Wangari nestles in a bowl between fast roads. It’s surprisingly quiet.
The plot of land is a one- or two-acre gore, left over after road construction and owned by the Federal Highway Adminstration. When the farm’s founders tried to find the landowners, everyone around thought that someone else held title to the site, Eliza said.
Wangari’s organizers work to involve the surrounding community. People can claim spots within a fenced-in area, but the parts of the garden outside of the fence are free for all comers.
These beds sit high enough that people with low mobility can work at them without needing to bend down.
The rain slackened a little, and we pushed onward to the northeastern part of Columbia Heights.
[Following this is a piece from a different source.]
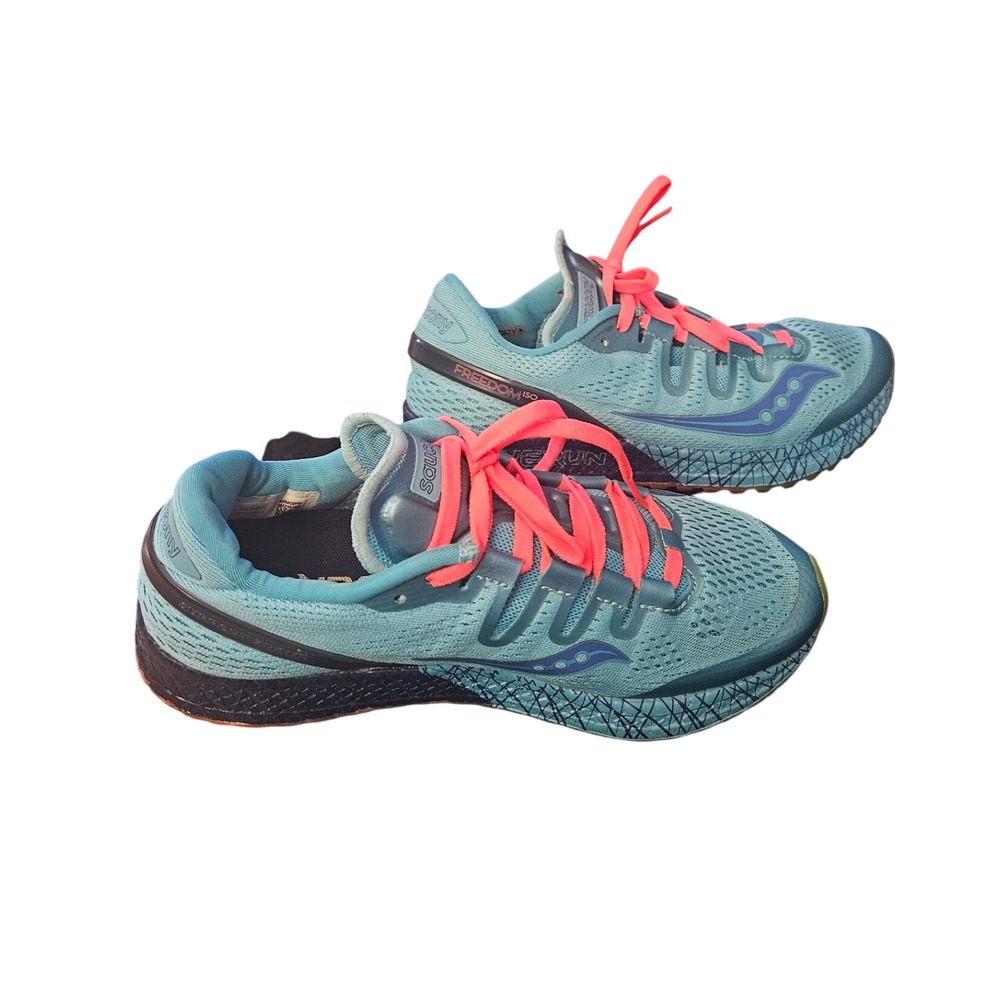 Saucony‎ Freedom ISO Women's Running Shoes Athletic Sneakers Blue Coral Size 8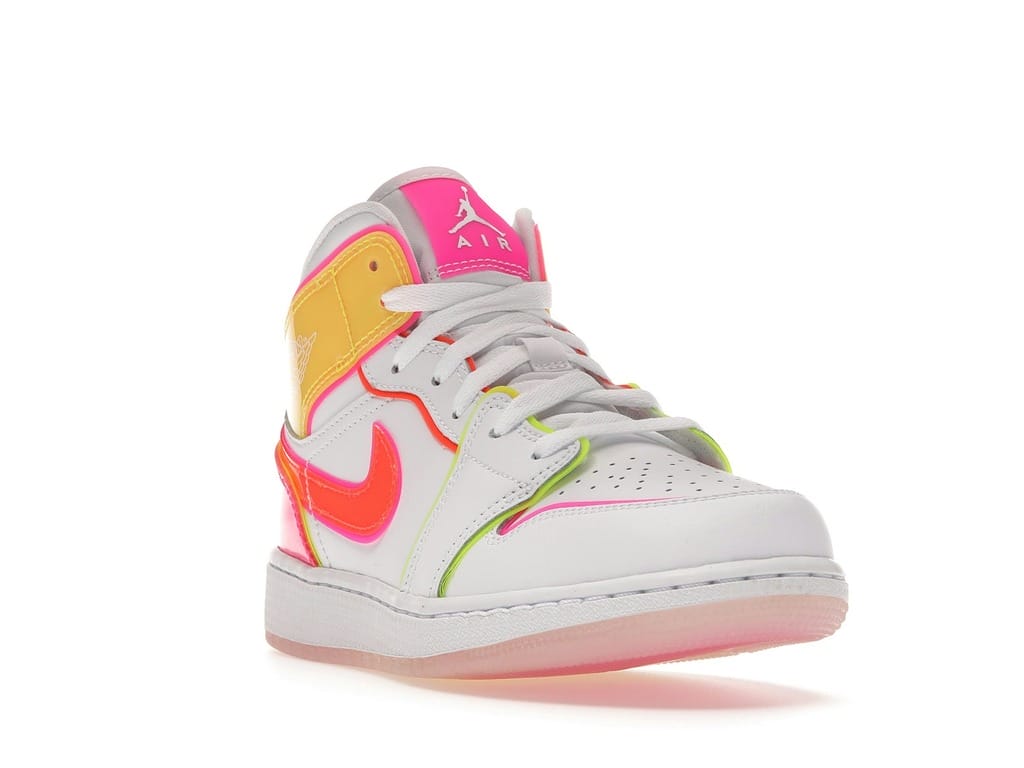 Air Jordan 1 Mid Edge Glow (GS) White/Hyper Crimson/Pink Blast CV4611-100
The North Columbia Heights Green is tucked into an alley lot behind a block of rowhouses.
We made our fourth and final stop at the Twin Oaks garden, just at the edge of Columbia Heights and Petworth.
Eliza sits on the Twin Oaks board. She spoke to us about some of the pragmatic aspects of running a community garden.
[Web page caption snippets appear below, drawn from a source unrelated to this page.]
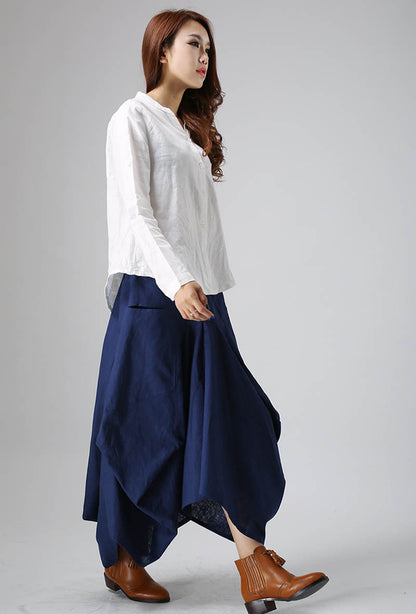 Blue Linen Maxi Skirt - Layered Irregular Hem | Xiaolizi 824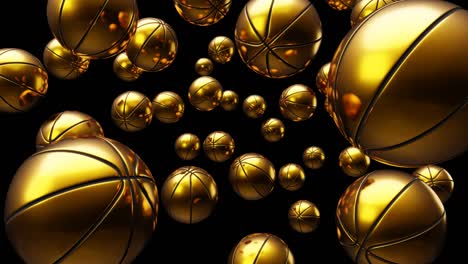 many gold basketball balls on black background.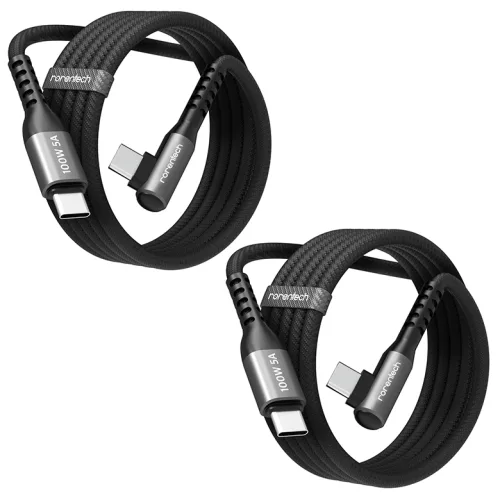 로랜텍 L자형 100W 5A C to C PD 초고속충전 케이블, 2개, 1.2m, 단일색상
Twin Oaks is a more established garden on the hobbyist model.
This year, Twin Oaks gave several plots to a nearby school.
The rain let up. The weather doesn’t feel nearly as hot as it’d been the last week, even though the temperatures were still warm.
There are more trees in this part of Northwest, and the vegetation seems denser, somehow.
Plants to fix nitrogen.
We started with thirteen students (including Jen, who did a fine job of facilitating the class). Some of them headed home because of the rain, but eight stayed through the end. They had questions for Eliza.
Kale and rain. It’s remarkable how intensive attention can change a vacant lot to a farm or an ecosystem in mineature.
Peas are starting to flower.
A plot filled with kale brings a wave of color.
Thanks to Eliza and to the speakers for a fine tour.